An Ohio Court of Appeals recently decided an equitable mortgage case that stresses the importance of obtaining and maintaining records from your deals. In Wilmington Savs. Fund Soc. v. Woods, 2nd Dist. Montgomery No. 28730, 2020-Ohio-4599, the Plaintiff-lender Wilmington Savings Fund Society, FSB (“Wilmington”) sought to foreclose on property that had been owned by Joanna Woods (“Woods”), who died in 2014. Wilmington asserted that Woods had also executed a Mortgage securing the Note. However, that Mortgage was never recorded “as a result of an error made at the closing of the loan,” and “despite diligent efforts,” Wilmington could not locate even a copy of that Mortgage. As such, Wilmington asked the trial court to find that Wilmington was entitled to an equitable mortgage encumbering the property.
Woods’ heirs argued that an equitable mortgage may only be enforced between the mortgagor and mortgagee, and not against third parties such as the heirs. The trial court agreed with the heirs and granted their motion for summary judgment, reasoning that a mortgage is only effective against third parties once it has been recorded, and therefore, an unrecorded equitable mortgage cannot be enforced against a non-party to the underlying conveyance.
Ohio’s Second District Court of Appeals reversed the trial court’s decision. The Court reasoned that because the heirs to an estate essentially “stand in the shoes” of the decedent, those heirs cannot inherit a greater interest than the decedent possessed before death. Thus, the Court of Appeals held that, even though the Mortgage had not been recorded, the lack of recording did not affect the validity of the Mortgage as against the mortgagor or the mortgagor’s heirs or devisees.

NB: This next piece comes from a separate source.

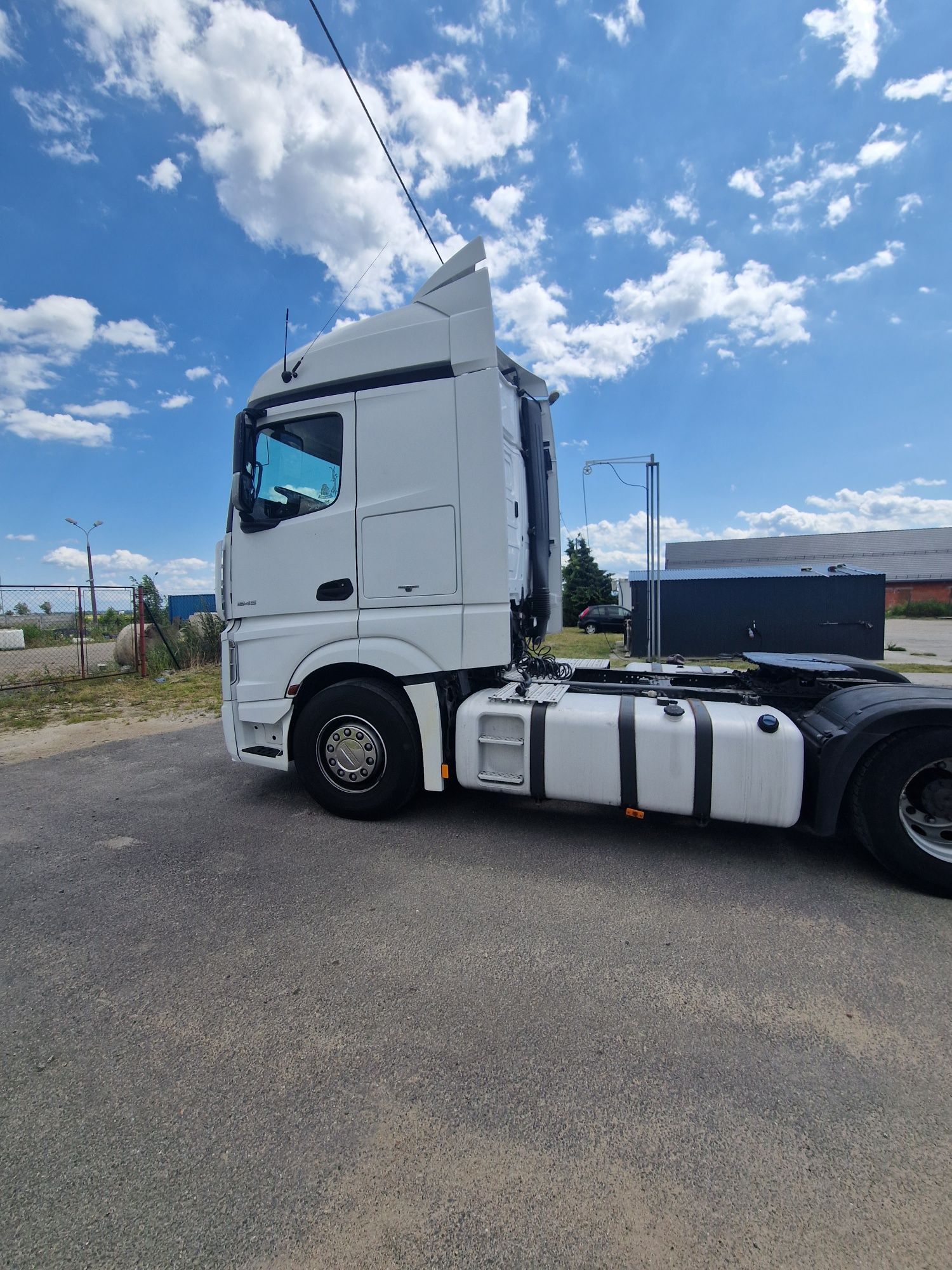 Mercedes Actros mp4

The Wilmington case illustrates how important it is to retain copies of all instruments concerning a transaction. If Wilmington had a copy of the Mortgage executed by Woods, Wilmington would be virtually assured of its ability to prove the existence of an enforceable mortgage. But without even copy of that Mortgage, Wilmington still faces a steep hill to climb to achieve a total victory.